A Reuters report cited unnamed sources, asserting that the drug maker is looking for a buyer. The very likely reason is the termination of the deal between itself and Sanofi SA (ADR), a marketing partner for the former's Afrezza drug.
It suggested Mannkind will get the selling rights back over the next three to six months, with a finalized deal no later than July 4.
CEO Matt Pfeffer was not available to comment.
In addition to the setback in the sales of Afrezza (human insulin), the company has faced other problems.
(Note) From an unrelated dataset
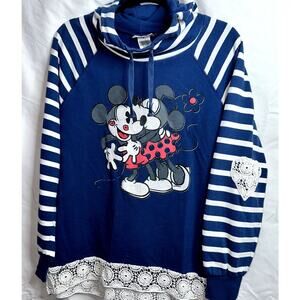 Disney Parks Womens XL Mickey & Minnie XoXo Hoodie Striped Navy Blue White Lace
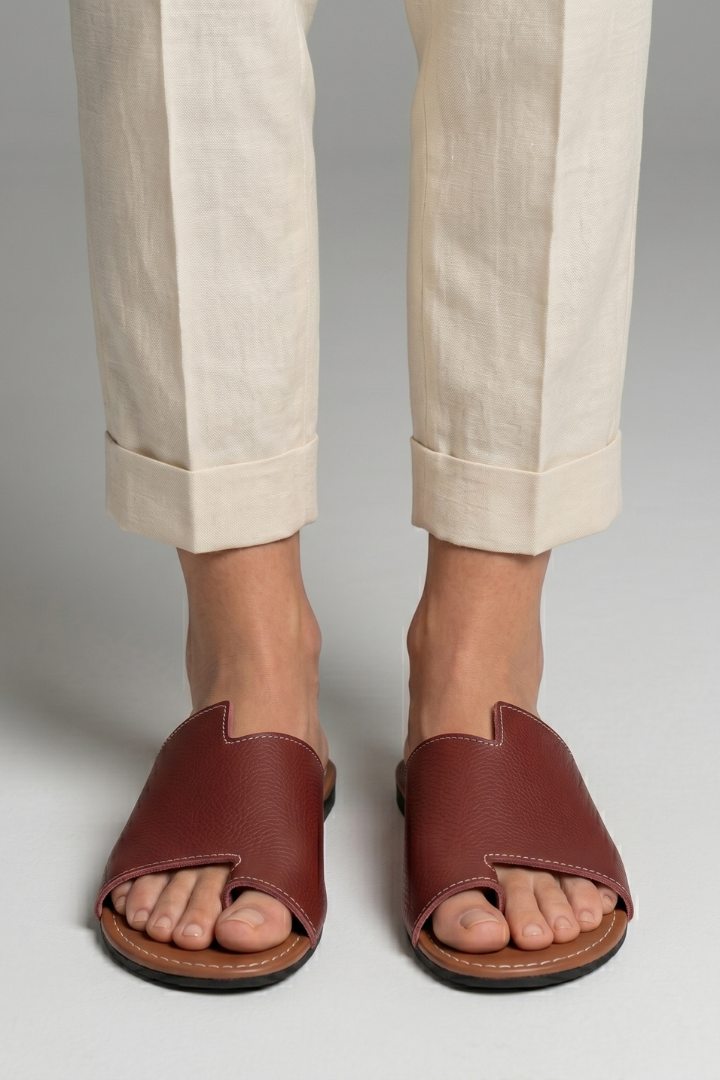 Dame lædersandaler med åben tå og slip-on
Its chief executive resigned in November 2015, compelling former CFO Matt Pfeffer to take over.
In an interview with The Times, he said the company is looking for new distribution partners, as well as changing the sales policy for Afrezza, adding that the company is looking at markets outside the US. He did not provide any insight into the sale of the company.
It is time the drug maker stops relying overwhelmingly on Afrezza. It has other assets, including inhalable drug technology, that could rescue sales and revenue. Besides this, the company is also in the process of developing inhalable epinephrine, for the treatment of allergic reactions.
In 2006, Pfizer Inc Exubera was approved in the formulation of inhalable insulin, but upon entering the market, failed, owing to poor safety, dosage, and price factors, costing the company $2.8 billion.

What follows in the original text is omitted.